Courtesy of Luis Mejîa
A cocoa leaf with a normal load of fungi (center) resists disease better than one without (right).
Fungi are usually considered bad news for plants—Phytophthora infestans
caused the Irish potato famine, and powdery mildew is the wine industry’s enemy No. 1. Yet scientists keep finding tons of fungi inside healthy plants, squeezed into nooks and crannies between cells. “What we call a plant isn’t just a plant. It’s usually a mosaic of plant and fungal tissues,” says evolutionary ecologist Allen Herre. What are all these fungi up to, he wondered, if they’re not up to no good?
Herre, along with Elizabeth Arnold and other colleagues at the Smithsonian Tropical Research Institute in Panama, decided to find out by studying Theobroma cacao, the tree that gives us chocolate. In the tropical forests of Panama, cacao plants are normally saturated with a diverse mix of seemingly harmless fungi, or endophytes. Only in the greenhouse could the Smithsonian researchers create pure plant seedlings. They then injected half the leaves with the usual cacao fungi and exposed the plants to another, pathogenic fungus that causes black pod, an ancient scourge. Leaves without the endophytes were three times more likely to die. Somehow, the good fungi crowded out or warded off the bad ones. “You can think of these fungi as an environmentally acquired immune system,” Herre says.

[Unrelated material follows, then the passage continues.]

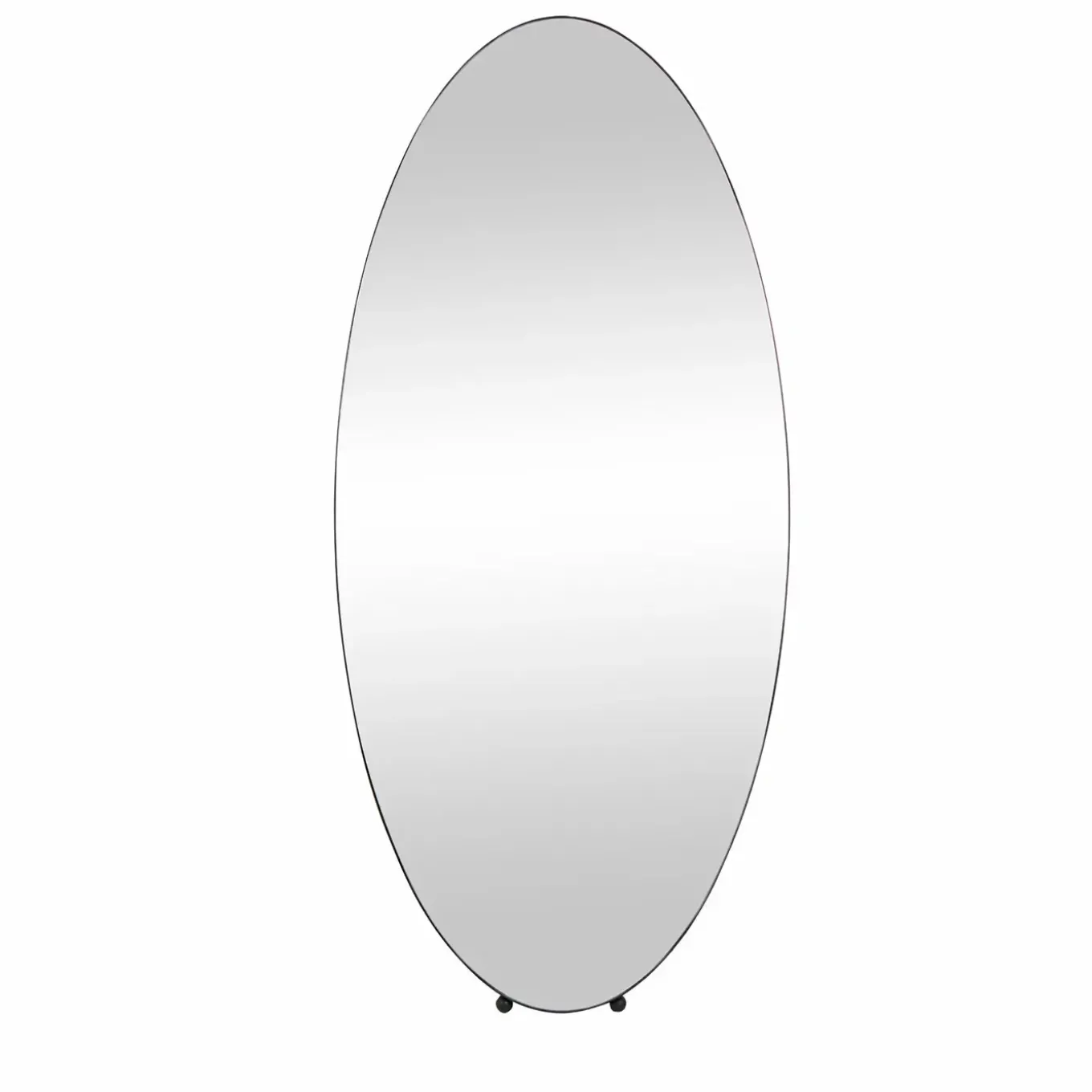 32x69" Cholet Freestanding Mirror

That finding raises prospects for eco-sensitive disease control—spraying cacao trees with beneficial fungi, for instance, or planting them alongside endophyte donor plants. Keith Clay, an ecologist at Indiana University, thinks scientists need to rethink the relationship between plants and their alleged parasites. “It opens a door on a type of plant-microbial interaction that we’re going to find all over the plant world,” he says.